Хорошая была скамейка, с резной спинкой. Широкие деревянные листья — как ладони, и ладони эти тянулись поддержать… Но, конечно, не Альку. Поэтому она выполнила план и даже перевыполнила: села и принялась всхлипывать, вспоминая Тошкины «причуды». «Ты не понимаешь, не понимаешь, да? Как это для меня важно! Впервые в жизни!.. Такой журнал!..» Каждый раз было именно так — и впервые, и журнал. Но каждый почему-то оказывалось, что в публикацию взяли кого-то еще, а виновата Алька с ее «неправильными» иллюстрациями.
Погода явно решила добавить себя в список «радостей жизни»: мелкий противный дождь то начинал сеяться, то прекращал, словно никак не мог решить, достаточно ли уже сырости этой девушке и этой скамейке.
Доска скрипнула; на сырое покрашенное дерево кто-то сел.
— Девушка, вы не плачьте. Вдруг сегодня последний день мира, а вы весь его проревёте.
Это было одновременно и грубостью, и таким вздором, что Алька снова отвлеклась, только хлюпнула напоследок носом. Посмотрела на вторженца в ее личное пространство… Все остальные — кто с зонтами, кто с постными лицами — шли мимо, ну правильно, эка невидаль, ревущая девица… А этот решил вмешаться.
Вполне обыкновенный «этот». Одежда как у всех — легкая куртка, легкие брюки, все с каким-то глянцем, даже лицо. Словно уличные фонари уже зажглись и на него ложился их мягкий и слегка неестественный отсвет.
А голос у вторженца приятный. Хотелось, чтобы он сказал что-то еще. Только ради этого Алька спросила:
— Может, я этого и хочу? Если завтра мир куда-нибудь провалится, то и все плохое в нем — тоже.
— Но ведь хорошее тоже. А его вокруг больше, чем плохого.
Это показалось еще большей чушью. А чушь — это ведь то, о чем никто никогда не думает. Вот, наверное, ей, чуши, обидно… Как Альке, о ней и ее интересах тоже никто не задумается, раз она не приносит пользу… Девушка снова всхлипнула, потом вспомнила про незнакомца и сделала вид, что это кашель. А «кашель» сам собой перешел в упрёк:
— Люди слишком злые, чтобы не портить все хорошее на свете.
Собеседник шумно вздохнул.
— Даже сейчас злые не все. Посмотрите!
Она посмотрела. По парку под руки прогуливалась пожилая пара. Скорее смешные, чем милые. На старушке старомодная шляпка, на старике… да что это, неужели сюртук? Глазеть было неудобно, и Алька отвернулась.
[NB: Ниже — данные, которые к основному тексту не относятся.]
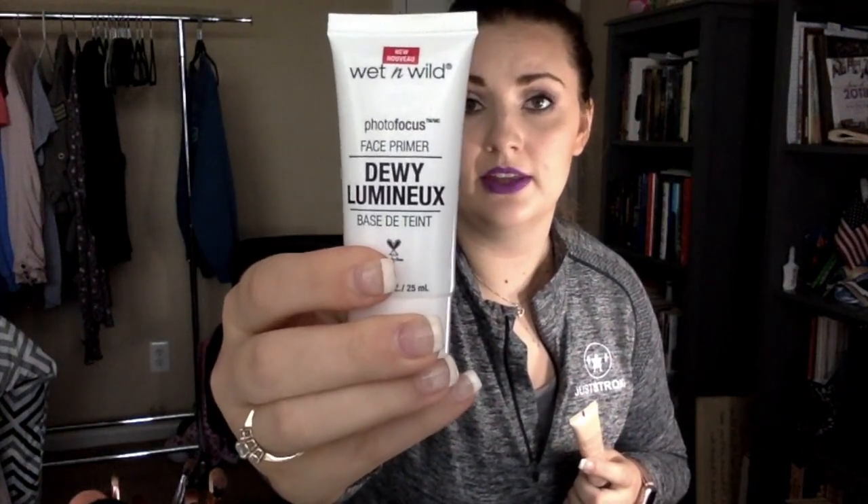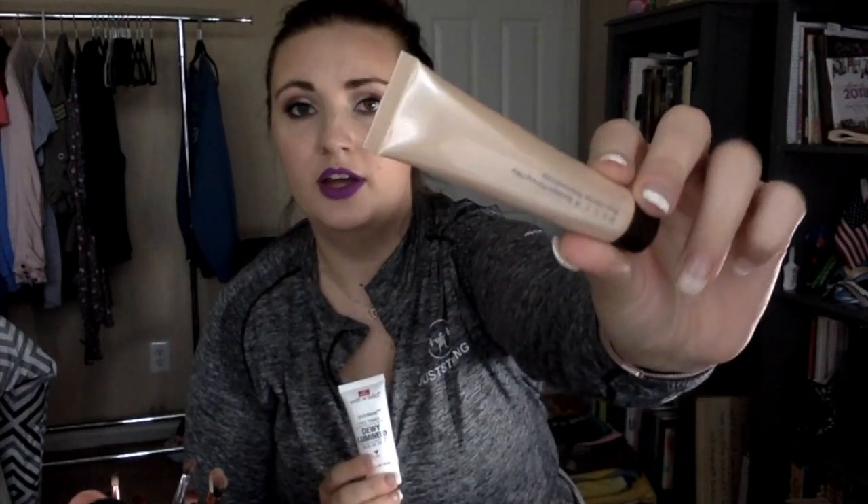The products I'm talking about today are the Wet and Wild Photo Focus Face Primer — the dewy version — which I recently used in a posted video, and the Becca Backlight Priming Filter. I got the Becca one in a kit from Ulta that included this and a blush. I believe it retails for between 20 and 25 dollars.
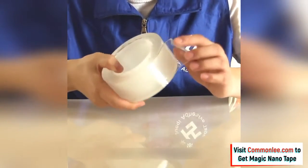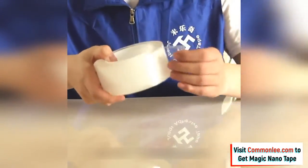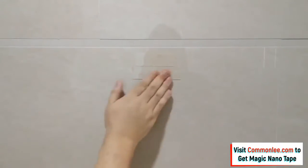Equipped with a powerful permanent adhesive, this double-sided tape defies gravity, holding an item of up to 20 pounds.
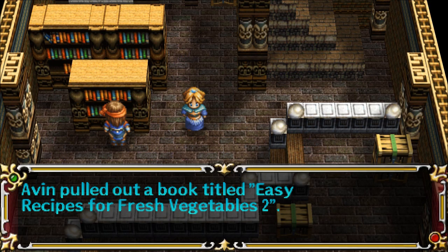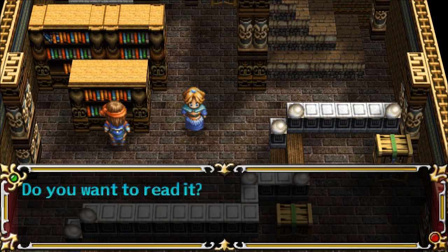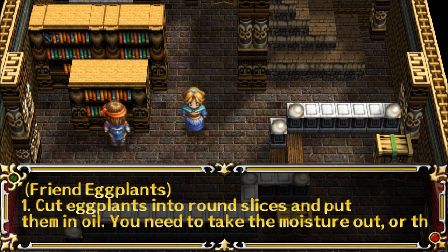Easy Recipes for Fresh Vegetables 2. Fried Eggplants. Step 1.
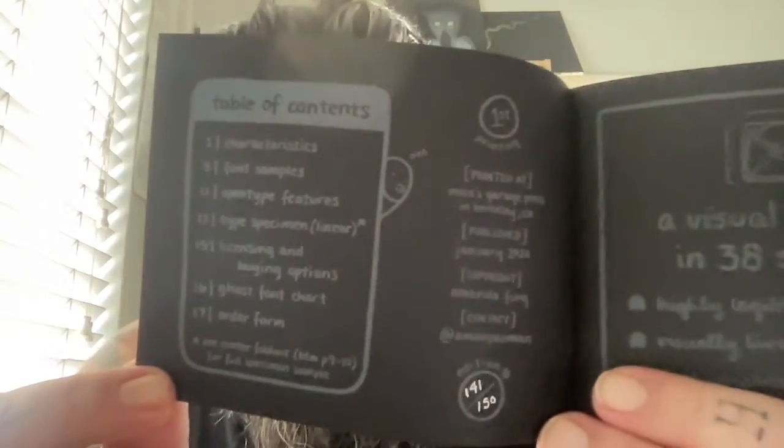It's almost like silkscreen — gravity silkscreen, G-Force silkscreen. But one thing that I absolutely love is black paper, and whenever anything gets made on black paper I get excited. So this is called Ghost, a visual font family available in multiple weights and variations. Oh my God, look at how adorable this is — and this is number 141 out of 150. There's not many left, guys. Run.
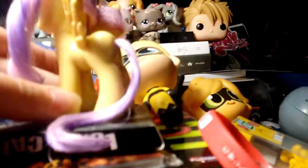I styled her mane. This is curled. The tail is long and straight.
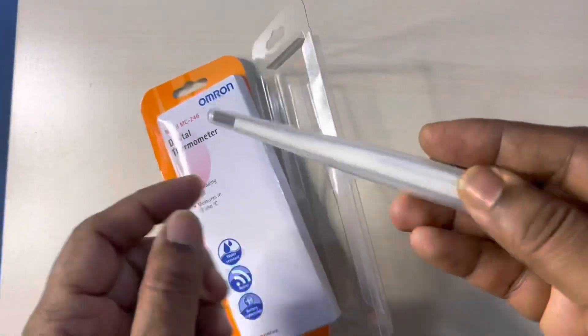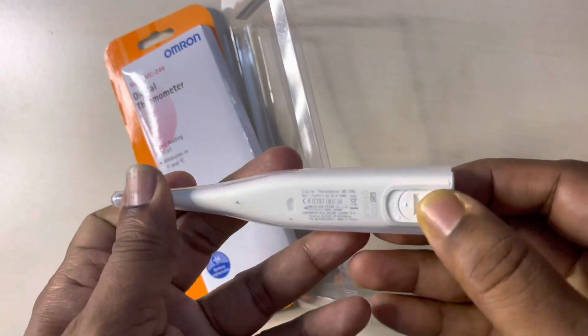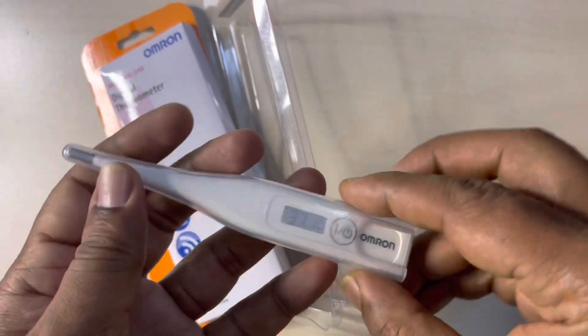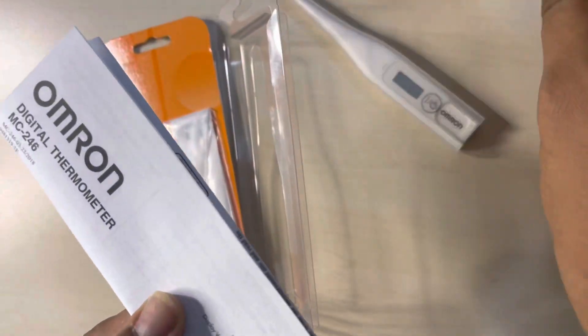This Omron thermometer is for oral, rectal, and underarm usage. It recalls the last reading, measures Fahrenheit and degrees Celsius, the battery is replaceable, and it gives off a buzzer when the temperature taking is finished.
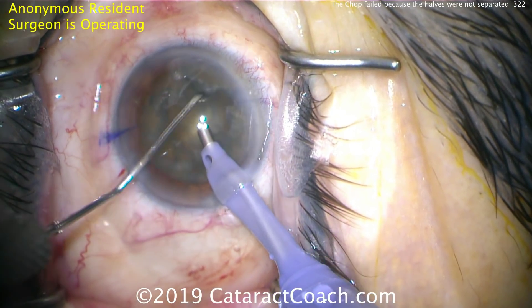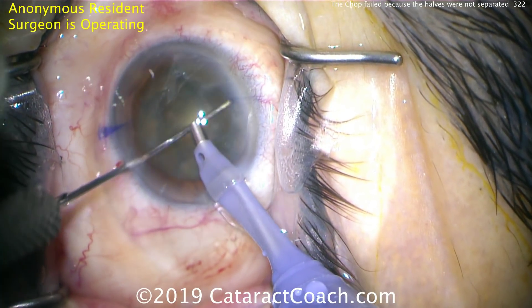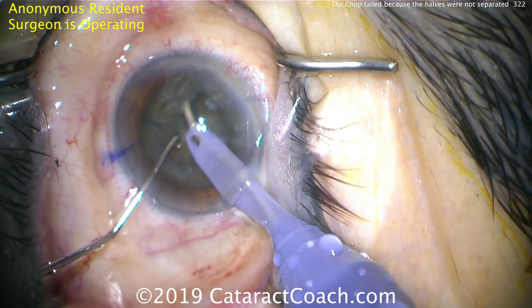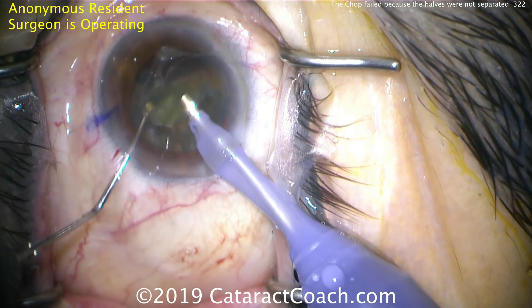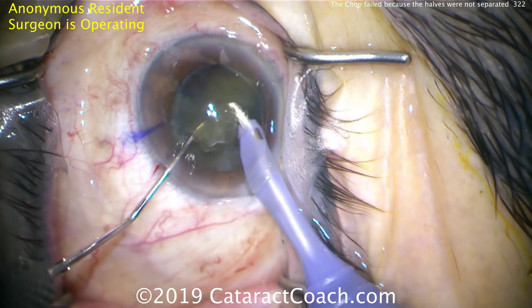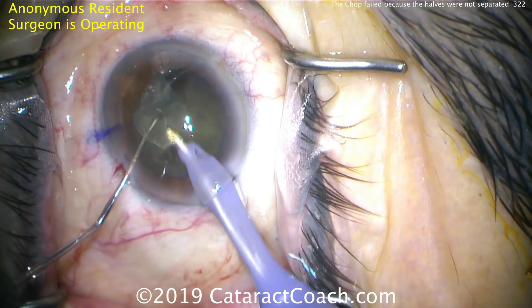Rotating the nucleus to try again — at some point we'll finally be able to bring it out of the bag, because by bowling it out we've debulked the nucleus. Phacoprobe again, trying to get around a piece — and there we go. Finally we can get part of the nucleus up. Even now it's still not separated into two halves. Only at this point do we finally separate the halves.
— Все это трудно не любить, — сделал собеседник свое признание, — все это разнообразие проявлений жизни.
Она мысленно посмеялась над термином. Такие слова как раз и мешают любить. Определения вроде «балбес» или «бездарная мазилка». Но она снова поглядела на уже проследовавшую мимо древнюю пару. За ними, как за лодкой, словно шли круги — все начало казаться лучше и ярче. Даже орущие детишки. Даже шаурменная, откуда несло противными ее веганскому вкусу ароматами. Даже темная сторона парка, куда солнце попадало лишь в конце дня.
А потом кто-то завопил, кто-то ответил, гуляющая пара обернулась посмотреть на скандал. Нет, все же люди злы.
Ну хоть дождь больше не шел. Странное солнце повисло среди равнодушно серых туч красным комом. Как на другой планете, мрачноватой, умирающей...
Алька решила, что на сегодня нытья хватит. Она, конечно, ушла из дому впопыхах, но не без причины и не без дела. Наблюдаем, замечаем, рисуем.
Она достала из сумки скетчбук и твердо-мягкий карандаш. Постаралась как можно скорее пролистать наброски до чистой страницы.
— Можно посмотреть? — остановил незнакомец.
Алька немного растерялась. С одной стороны — «любопытство не порок». С другой — хвалиться-то нечем, в скетчбуке в основном хлам для «рассказиков». Хотя день и так уже испорчен.
— Можно, только поаккуратней, — разрешила она и протянула ему альбом.
В нездоровом красном свете нездешнего солнца даже мысли сами собой скатывались куда-то в самый ад. «Пусть, вот пусть сейчас размажет меня, посмеется над рисунками, пусть… Они же только того и стоят. И я тоже. Надо было не приучать Тошку к халяве…»
— Мне понравилось то, что я увидел, — красивый голос незнакомца заставил ад отступить. — только, к сожалению, это все не то. Парни с бластерами, звездолеты и какие-то планеты — по-своему хорошо, но за этим ничего нет. Вот разве что здесь…
Алька посмотрела — ей пришлось, успев на мгновение удивиться, что он там смог найти. На открытом листе был подробный набросок высокой, с большими колесами кареты, с остриями-пиками на крыше и внизу, с причудливыми резными спицами. В голове снова зазвучало «Ли-и-ишь зеленая карета…». А костлявую фигуру в окне собеседник словно не заметил.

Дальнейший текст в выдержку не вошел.